DATASET ENTRIES:
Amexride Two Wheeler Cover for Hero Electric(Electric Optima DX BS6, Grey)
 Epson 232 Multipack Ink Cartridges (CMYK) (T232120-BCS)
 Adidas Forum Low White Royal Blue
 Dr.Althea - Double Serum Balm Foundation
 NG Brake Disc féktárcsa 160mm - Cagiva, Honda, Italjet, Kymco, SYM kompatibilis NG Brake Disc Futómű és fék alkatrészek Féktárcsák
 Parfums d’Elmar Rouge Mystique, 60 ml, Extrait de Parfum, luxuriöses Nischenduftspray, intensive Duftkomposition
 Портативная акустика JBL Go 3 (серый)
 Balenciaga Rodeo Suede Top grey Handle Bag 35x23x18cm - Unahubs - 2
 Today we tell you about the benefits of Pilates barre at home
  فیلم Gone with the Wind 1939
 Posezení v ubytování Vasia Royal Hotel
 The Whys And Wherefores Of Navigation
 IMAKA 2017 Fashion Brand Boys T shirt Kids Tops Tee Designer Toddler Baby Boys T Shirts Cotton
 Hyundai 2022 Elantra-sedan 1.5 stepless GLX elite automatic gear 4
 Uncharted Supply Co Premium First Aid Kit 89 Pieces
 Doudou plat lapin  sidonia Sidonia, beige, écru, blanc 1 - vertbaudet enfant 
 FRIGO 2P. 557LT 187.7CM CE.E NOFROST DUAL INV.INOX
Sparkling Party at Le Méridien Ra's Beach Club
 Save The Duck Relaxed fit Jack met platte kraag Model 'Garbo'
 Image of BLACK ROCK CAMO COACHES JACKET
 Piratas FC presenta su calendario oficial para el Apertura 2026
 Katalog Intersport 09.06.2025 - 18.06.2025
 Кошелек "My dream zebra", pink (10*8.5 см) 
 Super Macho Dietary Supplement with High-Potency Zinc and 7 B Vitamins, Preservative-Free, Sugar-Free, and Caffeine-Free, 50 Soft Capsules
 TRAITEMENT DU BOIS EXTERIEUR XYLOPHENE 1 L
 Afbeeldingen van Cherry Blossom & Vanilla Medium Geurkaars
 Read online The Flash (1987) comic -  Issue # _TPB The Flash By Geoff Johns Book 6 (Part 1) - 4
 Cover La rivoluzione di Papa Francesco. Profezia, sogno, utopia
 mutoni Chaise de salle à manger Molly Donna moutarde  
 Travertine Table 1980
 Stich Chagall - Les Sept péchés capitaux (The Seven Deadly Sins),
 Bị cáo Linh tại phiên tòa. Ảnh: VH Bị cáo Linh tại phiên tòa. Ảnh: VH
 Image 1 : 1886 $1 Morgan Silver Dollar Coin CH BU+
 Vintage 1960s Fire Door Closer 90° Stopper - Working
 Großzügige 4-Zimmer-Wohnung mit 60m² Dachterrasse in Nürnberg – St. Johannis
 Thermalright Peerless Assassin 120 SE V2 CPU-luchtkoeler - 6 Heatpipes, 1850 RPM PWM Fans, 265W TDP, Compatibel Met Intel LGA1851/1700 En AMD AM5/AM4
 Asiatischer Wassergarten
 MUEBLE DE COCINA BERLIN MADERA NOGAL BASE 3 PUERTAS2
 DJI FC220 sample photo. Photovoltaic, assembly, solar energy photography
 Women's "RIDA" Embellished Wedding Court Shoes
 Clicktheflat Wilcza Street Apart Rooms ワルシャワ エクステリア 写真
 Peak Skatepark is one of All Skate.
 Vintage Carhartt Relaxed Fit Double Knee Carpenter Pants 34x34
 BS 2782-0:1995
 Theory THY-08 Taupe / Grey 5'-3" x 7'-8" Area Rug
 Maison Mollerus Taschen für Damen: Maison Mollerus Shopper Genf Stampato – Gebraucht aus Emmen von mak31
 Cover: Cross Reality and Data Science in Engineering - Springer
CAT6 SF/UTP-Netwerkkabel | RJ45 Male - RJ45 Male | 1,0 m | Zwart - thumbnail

DIRECTIONS FOR THIS TASK: An exact, complete copy of the lines above from the one with "Bị cáo Linh tại phiên tòa. Ảnh: VH Bị" through the one with "Theory THY-08 Taupe" is the whole answer.

OUTPUT OF THE EXERCISE:
 Bị cáo Linh tại phiên tòa. Ảnh: VH Bị cáo Linh tại phiên tòa. Ảnh: VH
 Image 1 : 1886 $1 Morgan Silver Dollar Coin CH BU+
 Vintage 1960s Fire Door Closer 90° Stopper - Working
 Großzügige 4-Zimmer-Wohnung mit 60m² Dachterrasse in Nürnberg – St. Johannis
 Thermalright Peerless Assassin 120 SE V2 CPU-luchtkoeler - 6 Heatpipes, 1850 RPM PWM Fans, 265W TDP, Compatibel Met Intel LGA1851/1700 En AMD AM5/AM4
 Asiatischer Wassergarten
 MUEBLE DE COCINA BERLIN MADERA NOGAL BASE 3 PUERTAS2
 DJI FC220 sample photo. Photovoltaic, assembly, solar energy photography
 Women's "RIDA" Embellished Wedding Court Shoes
 Clicktheflat Wilcza Street Apart Rooms ワルシャワ エクステリア 写真
 Peak Skatepark is one of All Skate.
 Vintage Carhartt Relaxed Fit Double Knee Carpenter Pants 34x34
 BS 2782-0:1995
 Theory THY-08 Taupe / Grey 5'-3" x 7'-8" Area Rug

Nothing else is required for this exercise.